Диего потащил Ганю ужинать в «ещё одно хорошее место». Это было неаппетитное заведение в круглом дворике с чахлой пальмой. Над барной стойкой висел портрет Генсбура. Бармен — толстый курчавый парень, похожий на сказочного людоеда, наполнял стаканы пивом, вином и ещё какой-то жидкостью, которая бродила в огромной бутыли, набитой пучками травы. В зале и на улице за пластмассовыми столиками сидели заторможенные и, наоборот, слишком возбуждённые личности — все друзья Диего. Под пальмой стоял драный диван, на нём кто-то спал. Грохотала музыка — гитара, скрипка, контрабас: «Эх раз, ещё раз, ещё много-много раз», потом «Калинка», потом «Катюша». Беззубый мужичок отплясывал с красивой девушкой. Черноволосая официантка с усталыми глазами принесла еду, бутылку виски и оплывшую толстую свечу. Диего был весел и взволнован, он заглатывал куски мяса, опрокидывал стопку за стопкой, прищёлкивал пальцами, моргал усом, подмигивал и шёпотом обещал Гане нечто такое, что его чрезвычайно обрадует. «К петушатнику! К Байрону Ренарту за Вавилоном! Завтра же к петушатнику!» — твердил он как заклинание. Пляшущий огонёк бросал на него странные тени. Гане казалось, что на лысой голове Диего выросли рожки.

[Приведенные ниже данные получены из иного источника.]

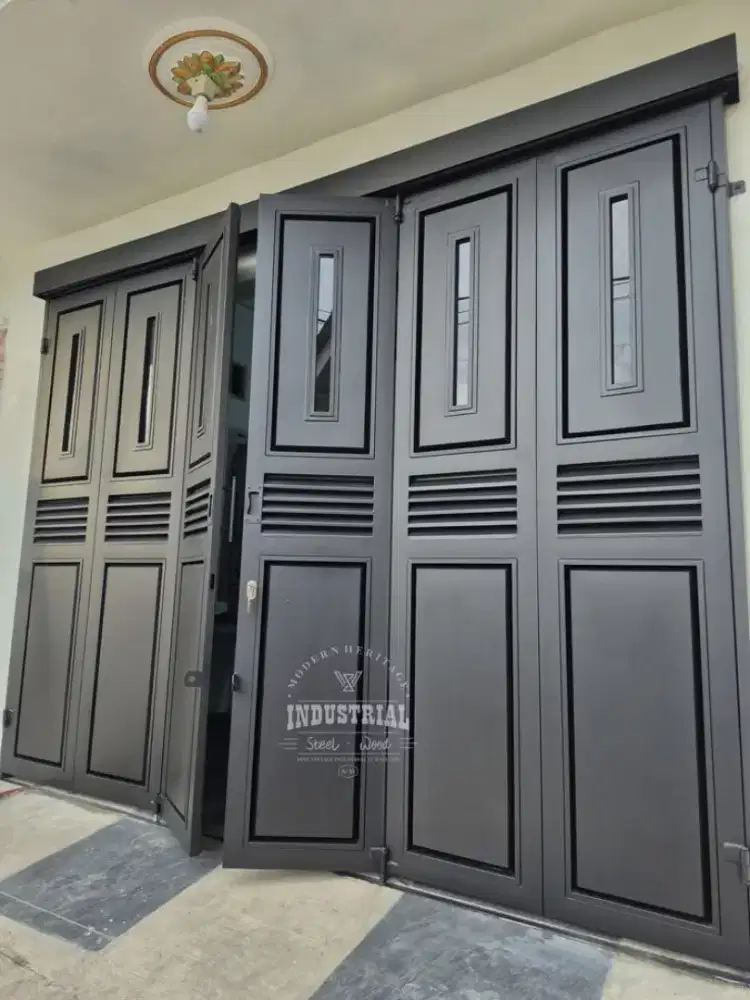 Pintu garasi minimalis modern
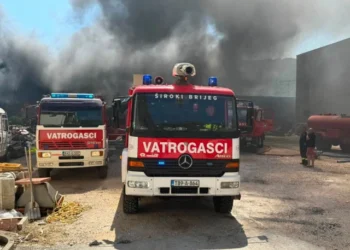 FOTO Veliki požar u Grudama: Vatra zahvatila prostorije tvrtke, stigao i Air Tractor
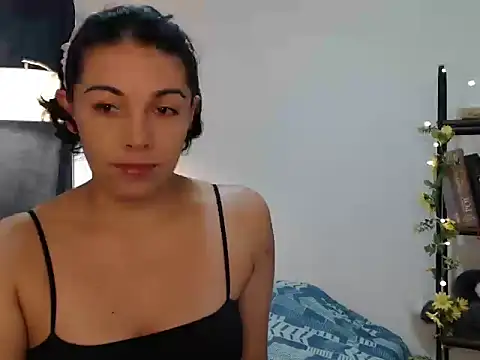 Snapshot of camii_7 chatting on 02/05/25, 07:42 camii 7 online show from 02/05/25, 07:42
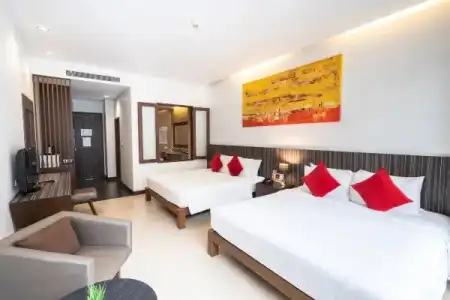 J Pattaya - 126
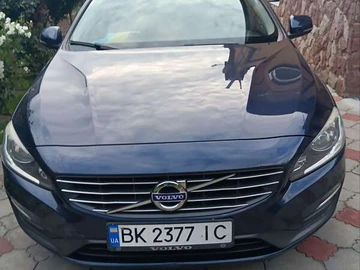Авто Volvo V60 2014 № 8154894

Раздался низкий рёв аккордеона. Вышла крупная босая женщина в облегающем платье. «На Бастилию!» — заорал народ. Она заиграла мощно, весело, яростно. Таращила глаза, поводила плечами и притоптывала. Все пели: «А-ля Бастий! А-ля Бастий! А-ля Бастий!» В небе загрохотало. Людоед стал поспешно крутить какую-то железяку, над двориком протянулся навес. Сверкнула ярчайшая молния, потом другая, третья. Через несколько минут с неба хлынул водопад, совершенно заглушивший музыкантов. Под ногами текла река. Диего сел по-турецки. Он никак не мог угомониться — хлопал в ладоши и всё кричал: «На Бастилию! Вперёд, на Бастилию!» Потом выдал Гане двести евро, чтобы купить два билета на концерт Бабея, но тут же забрал их обратно, сказав, что лучше даст завтра. Диего проводил Ганю до гостиницы, сердечно попрощался, потом решил подняться в номер — выпить грамульку, «ан пёти ку», и посмотреть новости. Усевшись в кресло, он тут же захрапел и безмятежно спал до утра.
23
На следующий день Диего повёз Ганю в Перпиньян — обогащаться. Гане казалось, что он попал в кино, в роман, в чьё-то сновидение, в параллельный мир: происходящее не имело ничего общего с привычной размеренной жизнью под крылом у Птицы и за пазухой у Николавны. В чужой стране, без денег, без друзей, он следовал за странным человеком, который открывал ему странный мир, населённый странными персонажами, живущими по странным законам. Ганя доверился весёлому усачу. Он решил, что самое плохое, что с ним могло случиться, — случилось, и теперь терять уже нечего, нужно стать фаталистом, плыть по течению, верить в людей и удачу. Даже Птице не понравилась бы такая философия, не говоря уж о Николавне.